Rock’s label, Atlantic, tried to repeat this feat with another artist, Estelle, whose slinky, Kanye West–assisted R&B shuffle “American Boy” had been a breakout hit for the British singer. The tune had been selling briskly on iTunes until August 20, when the label suddenly removed it in an attempt to jolt the previously unimpressive performance of Estelle’s album, Shine. It didn’t work — Shine’s sales actually dipped — but fans kept buying “American Boy,” albeit a version recorded by a group dubbed Studio All-Stars. Four days later, their take, which features an impressive Estelle impersonator and an atrocious Kanye one, had worked its way to No. 17 on the list of iTunes top-sellers.

“It’s a major surprise that it’s on the charts,” says Michael Infante, chief executive for One Media Publishing, the company behind the “American Boy” cover, which had been available since mid-July but had sold only 17 copies before Estelle’s original was pulled from iTunes. “These things are not put up to fill a void. We don’t do an analysis of the market and then fill the gaps. I mean, I wasn’t even aware the original wasn’t available. This is more of a fluke.”

Soundalike recordings — often called “tribute songs” or “specialty music” within the industry — have been around for decades. Labels like Bell, Embassy, and Hit churned out quickie imitations in the 1950s, but the form reached its commercial apex in the ’70s, when Ronco and K-Tel advertised anonymous cover versions of popular hits on late-night TV commercials, and another label, Pickwick, scored a No. 1 hit in the U.K. with one of its Top of the Pops compilations. These recordings succeeded by offering — at a discount — collections of songs that, due to prohibitive costs, licensing constraints, administrative hassles, and contractual obligations, major labels couldn’t put together themselves.

In the United States, copyright law makes recording and selling any cover song pretty simple. If you want to pimp your own version of “All Summer Long” — itself already a pastiche of “Werewolves of London” and “Sweet Home Alabama” — you don’t need permission from Kid Rock, his publishing company, his record label, or anyone else, for that matter. You just have to notify the song’s writers and publishers and make sure you pay them royalties on each sale of your recording.

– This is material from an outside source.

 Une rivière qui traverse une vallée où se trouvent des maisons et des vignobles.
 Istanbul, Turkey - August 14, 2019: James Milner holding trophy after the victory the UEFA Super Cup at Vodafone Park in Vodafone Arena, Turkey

But the rise of digital retailers like iTunes, Amazon, and eMusic has changed the landscape in the last few years. Where previously, soundalike recordings struggled to find shelf space in music stores, now they’re as easily accessible as most any other recording. Furthermore, when buying music can be accomplished with a mouse click and most tracks cost less than a dollar, customers are more likely to take a flyer on a curiosity or — as some critics of soundalikes would contend — be fooled into buying something they never wanted. None of this can be particularly pleasing to labels already facing a rather dire business environment.

“Tributes are not liked by some majors,” says Infante. “But let’s remember one thing: Publishers, writers, and composers all collect their royalties here. So when the label bleats on behalf of the artist, it’s not always the whole story.”